The positions of the inclination start point 27 on the inlet side and the inclination end point 28 in the Z direction are different and shifted between adjacent plate electrodes. Accordingly, it is possible to form the internal space 29 in which the inscribed shape gradually decreases from the inscribed shape 30 on the inlet side toward the inscribed shape 31 on the outlet side and is approximated to a tapered shape. A total of 24 (25-2 to 25-13 and 25-16 to 25-27), 20 (25-3 to 25-12 and 25-17 to 25-26), and 16 (25-4 to 25-11 and 25-18 to 25-25) plate electrodes 25 are inscribed in the inscribed shapes 34, 35, and 36 (approximate circles), respectively, at the three inclination end points 28 in the Z direction.

That is, the internal space 29 is gradually narrowed along the traveling direction of ions by the inclined surface 26 of the plate electrode 25. The interval between the plate electrodes opposing up and down (Y direction) is narrowed to the interval 32. Thereby, the electric fields of a total of four electrodes outside the plate electrodes are blocked, and therefore the number of poles of the electric field decreases by 4 at the inclination end point 28 in the Z direction.
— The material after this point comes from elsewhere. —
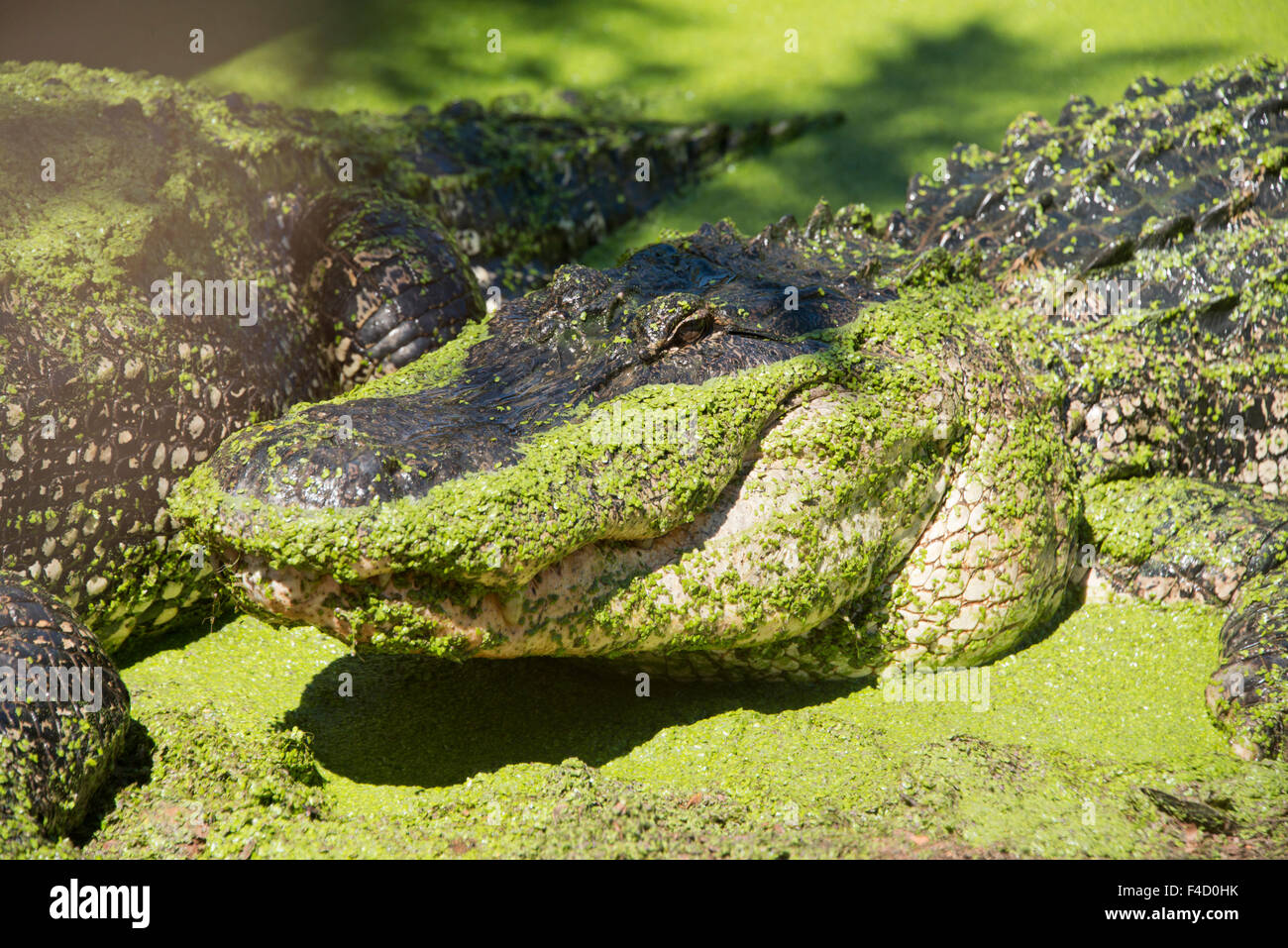 Australia, Broome. Malcolm Douglas Crocodile Park. Large American alligator (Alligator mississippiensis) covered in green duckweed (introduced species, Lemna minuta). (Large format sizes available) Stock Photo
That is, the number of plate electrodes effectively contributing to formation of the multipolar electric field and the number of poles of the multipolar electric field are smaller on the outlet side than on the inlet side. As a result, from the inlet side toward the outlet side of the ion guide 19, the number of the poles can be decreased stepwise from 28-pole electric field→24-pole electric field→20-pole electric field→16-pole electric field→12-pole electric field. The area of the inscribed shape of the plate electrodes forming the multipolar electric field is smaller on the outlet side than on the inlet side. Therefore, the ion focusing efficiency can be further enhanced.

With this configuration, on the inlet side, the ion uptake efficiency is increased by increasing the number of the poles. The ion focusing efficiency (in general, the smaller the number of poles is, the higher the ion focusing efficiency is) is increased by gradually decreasing the number of poles, whereby the ion transmittance in the ion guide 19 can be improved. Note that the plate electrodes 25 may include those not inclined plate electrodes (i.e., those having no inclined surface 26. For example, the plate electrodes 25-1, 25-14, 25-15, 25-18, and the like).

The configurations of the ion guide 19 and the mass spectrometer 1 according to Example 1 described above can achieve both high ion uptake efficiency and high ion focusing efficiency.

The ion guide 19 can be disposed in another vacuum chamber such as the vacuum chamber 12 other than the vacuum chamber 11 described above. For example, in place of the ion transport unit 20, an ion guide having an identical or similar configuration to that of the ion guide 19 may be used.

(Example 2) (Upper and Lower Same Phase)

In Example 2, a configuration of an ion guide to which radio-frequency voltage of the same phase are applied between opposing plate electrodes will be described.

The ion guide 19 of the present example will be described in detail with reference to FIG. 8. For convenience, description of parts common to those of Example 1 may be omitted. The present example has a feature that radio-frequency voltages of the same phase are applied between the plate electrodes opposing up and down (Y direction). Note that (+) and (−) may be reversed from the example of the drawing.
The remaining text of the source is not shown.